Picks and Pans Review: After the War
updated 01/08/1990 AT 01:00 AM EST
•originally published 01/08/1990 AT 01:00 AM EST
To its honor, British TV has entrusted some of its most important productions to young, uncelebrated actors. Consider Jeremy Irons in Brideshead Revisited, Roger Rees in Nicholas Nickleby and Adrian Lukis in this 10-part miniseries. A mammoth project like this would never get made in America unless some star, years past his prime, was cast in the lead.

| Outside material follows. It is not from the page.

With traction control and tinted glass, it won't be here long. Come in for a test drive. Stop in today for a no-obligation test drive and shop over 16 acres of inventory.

By turns absorbing and arid, After the War follows the fate of two Jews in Britain from the time they meet as schoolboys in 1942 until 1967. One (Lukis), a barrister's son, grows up to be a writer. The other (Robert Reynolds), a refugee from Germany, becomes a TV tycoon.

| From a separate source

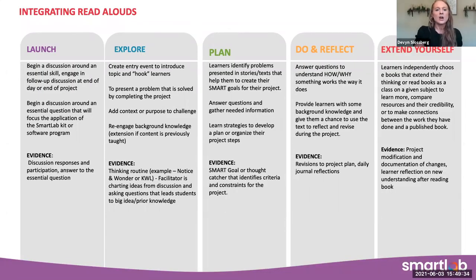These are some of the ways to think about incorporating a read aloud at each step along the Smart Lab learning process. There are a lot of different ways it can look, but these are just some of the ideas you can use. We thought about the launch — maybe you begin a discussion around an essential skill and engage in a follow-up discussion at the end of the day or project, or begin a discussion around an essential question and then focus on the application of the Smart Lab kit.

Dense as a Doris Lessing novel, this Masterpiece Theatre presentation, which airs on eight Sundays with double episodes on Feb. 4 and 25, is full of biting repartee and wonderful performances (Anton Rodgers, Geoffrey Palmer, Jeroen Krabbe, Denis Quilley, Shaughan Seymour). Viewing After the War is like spending a long afternoon—or, in this case, several long afternoons—in a dusty library reading room. If you can manage to keep your eyes open, you're likely to learn all sorts of things.